An dieser Beurteilung ändert sich auch dann nichts, wenn planmäßig an zwei aufeinanderfolgenden Tagen keine Postzustellung erfolgt, weil der zustellfreie Tag an einen Sonntag grenzt. Die Zustellung innerhalb der Dreitagesfrist wird hierdurch zwar etwas weniger wahrscheinlich, ist aber gleichwohl möglich. Die zeitlich beschränkte Zustellung berührt deshalb nicht die generelle Anwendbarkeit der Zugangsvermutung.
Posteingangsbuch als Nachweis für Steuerberater
Für Steuerpflichtige, die durch einen Steuerberater vertreten werden und dieser eine entsprechende Empfangsvollmacht hat, kann der Nachweis des tatsächlichen Zugangs durch das Posteingangsbuch erfolgen und damit die Zugangsvermutung im Zweifelsfall erschüttert werden.
Tipp: Wer die Post seines Finanzamtes nach Hause bekommt, sollte bei Abwesenheiten Freunde oder Familie bitten, den Briefkasten täglich zu leeren und bei „Behördenpost“ einen Vermerk über den Tag des tatsächlichen Zugangs anzufertigen.

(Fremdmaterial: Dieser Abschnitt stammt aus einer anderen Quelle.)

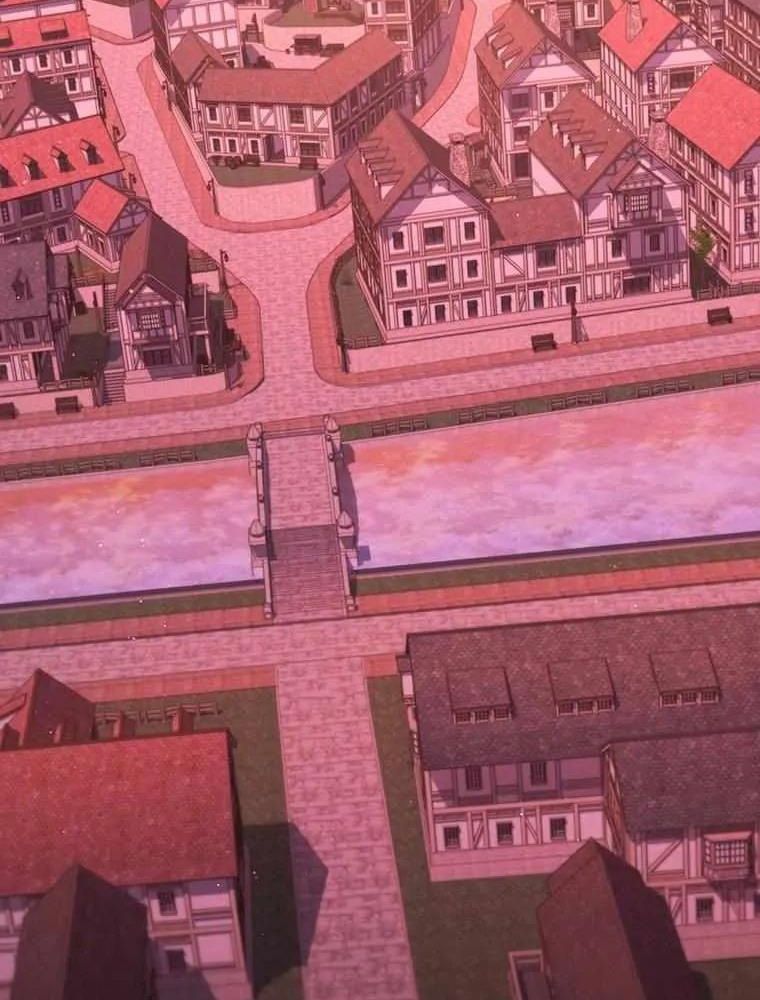 Thiếu Nữ Rồng Chap 36 - Next Chap 37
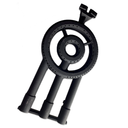 Anello bruciatore interno – HOT WOK ORIGINAL 7 kW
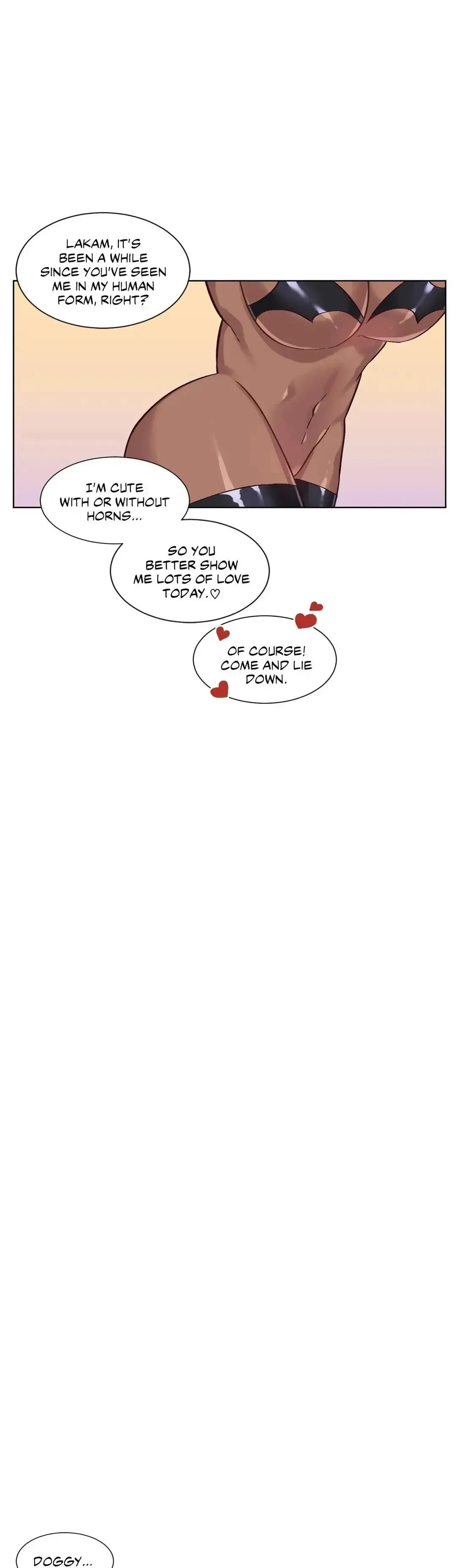 Chapter 30, page 14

Hinweis: Mit dem Gesetz zur Modernisierung des Postrechts vom 15. Juli 2024 wurde die gesetzliche Bekanntgabefiktion ab dem 1. Januar 2025 von drei auf vier Tage verlängert. Die Viertagefiktion gilt für alle Verwaltungsakte, die nach dem 31. Dezember 2024 zur Post gegeben, elektronisch übermittelt oder elektronisch zum Abruf bereitgestellt werden.